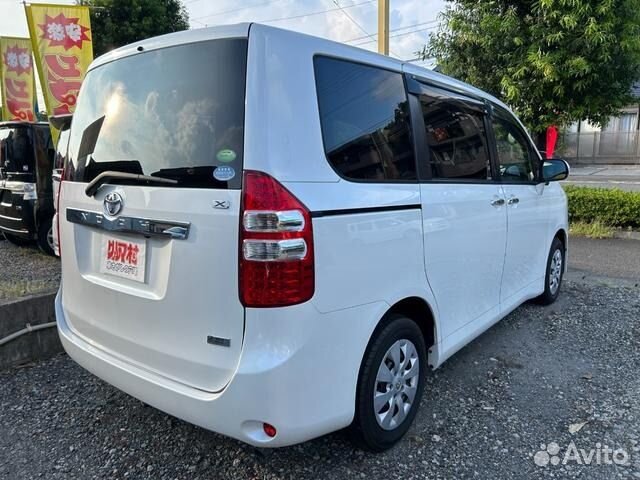 Toyota Noah 2.0 AT, 2012, 87 937 км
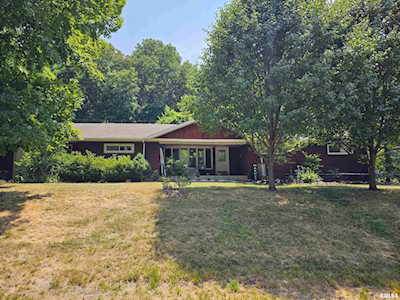 1136 Nancy St East Peoria, IL 61611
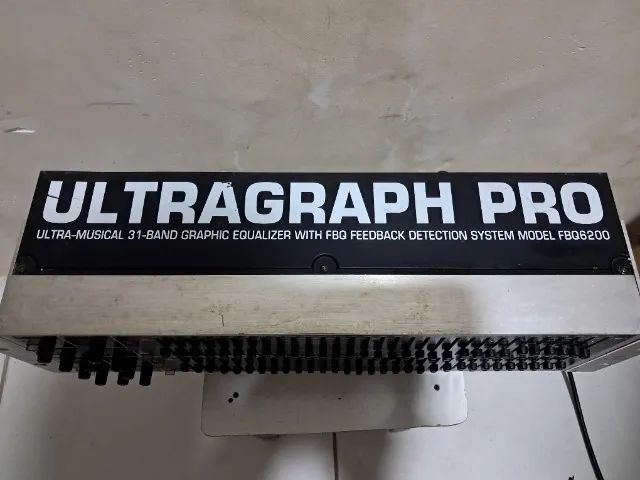 equalizador ultragraph pro model fbq6200 - Foto 2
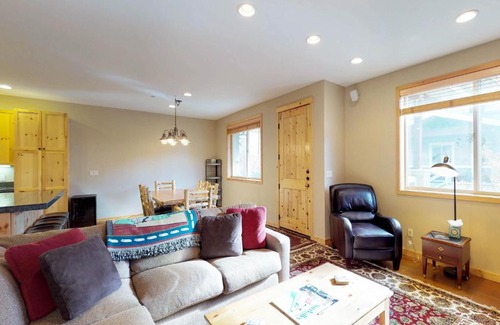 Warm Springs Casa | Mountain Retreats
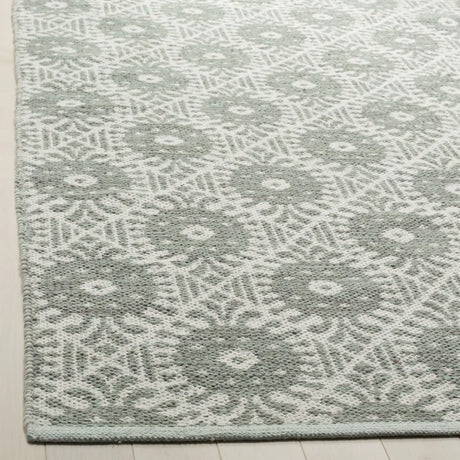 Safavieh Montauk 5'-0" x 8'-0" Rug in Light Green / Ivory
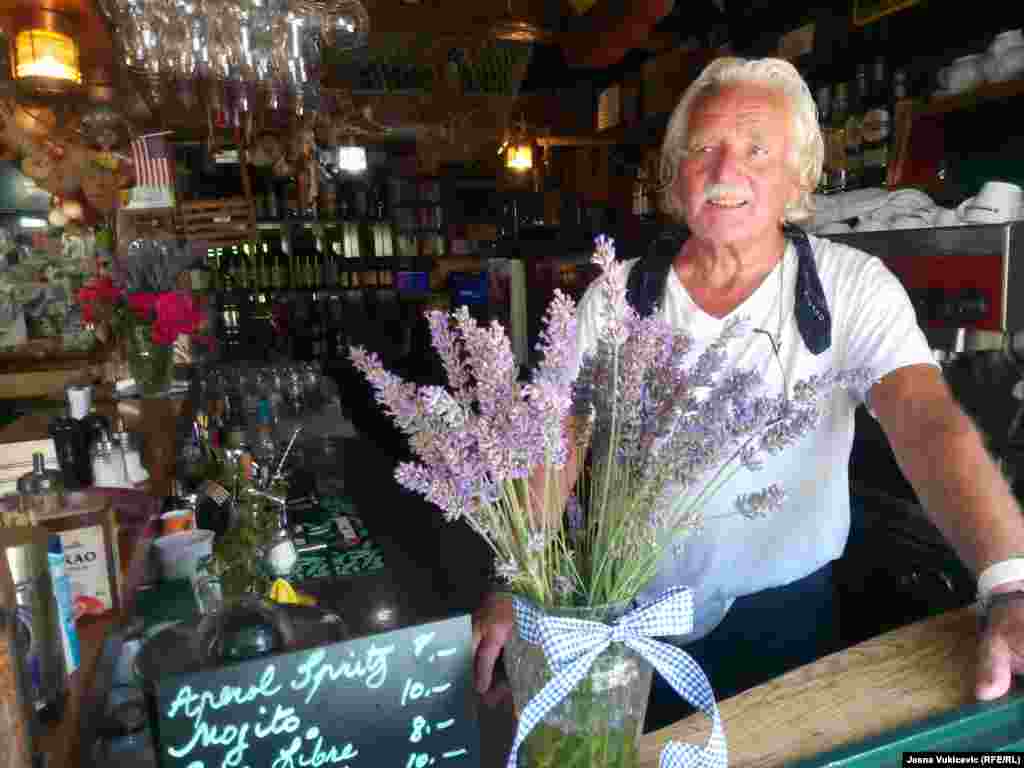 Među onima koji daju prednost ekskluzivnom nad masovnim turizmom je mještanin Zago Mitrović, koji je u turizmu i ugostiteljstvu preko četiri decenije. "Zatvorio bih ga (hotel) tako da i 'tica tamo ne može uljeć, nego samo gost koji ima para. Ne može neko ko plaća sobu hiljadu eura dnevno da leži na ligeštul, a ja da mu prodajem krofne i žito na Sv. Stefanu", kaže Mitrović za RSE. A to, kako dodaje, traže mještani koji iznajmljuju apartmane i reklamiraju se turistima sa "imaš plažu džabe na Sveti Stefan". Navodi da su se ranije privatni apartmani u toj oblasti iznajmljivali 200-300 eura, a sada za deset-petnaest eura. "To sve diktira Sv Stefan. Bez grad-hotela se ovdje sve svodi na pokušaj da se zaradi pet eura da bi se prezimila zima. Je li to budućnost turizma?", pita se Mitrović.  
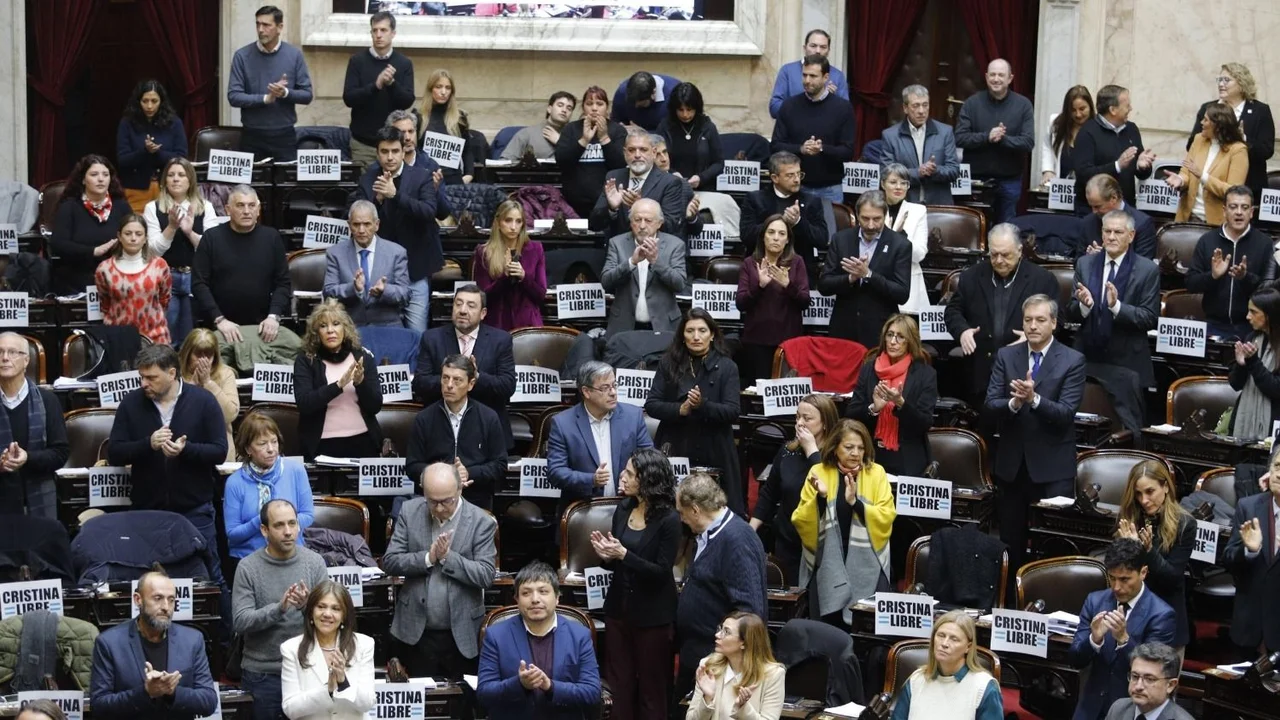 UP abandonó el recinto por las dilaciones del oficialismo y se cayó la sesión de Diputados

#### To do
An exact copy of all entries is needed, with no pictures in it.

#### Response
 Toyota Noah 2.0 AT, 2012, 87 937 км
 1136 Nancy St East Peoria, IL 61611
 equalizador ultragraph pro model fbq6200 - Foto 2
 Warm Springs Casa | Mountain Retreats
 Safavieh Montauk 5'-0" x 8'-0" Rug in Light Green / Ivory
 Među onima koji daju prednost ekskluzivnom nad masovnim turizmom je mještanin Zago Mitrović, koji je u turizmu i ugostiteljstvu preko četiri decenije. "Zatvorio bih ga (hotel) tako da i 'tica tamo ne može uljeć, nego samo gost koji ima para. Ne može neko ko plaća sobu hiljadu eura dnevno da leži na ligeštul, a ja da mu prodajem krofne i žito na Sv. Stefanu", kaže Mitrović za RSE. A to, kako dodaje, traže mještani koji iznajmljuju apartmane i reklamiraju se turistima sa "imaš plažu džabe na Sveti Stefan". Navodi da su se ranije privatni apartmani u toj oblasti iznajmljivali 200-300 eura, a sada za deset-petnaest eura. "To sve diktira Sv Stefan. Bez grad-hotela se ovdje sve svodi na pokušaj da se zaradi pet eura da bi se prezimila zima. Je li to budućnost turizma?", pita se Mitrović.  
 UP abandonó el recinto por las dilaciones del oficialismo y se cayó la sesión de Diputados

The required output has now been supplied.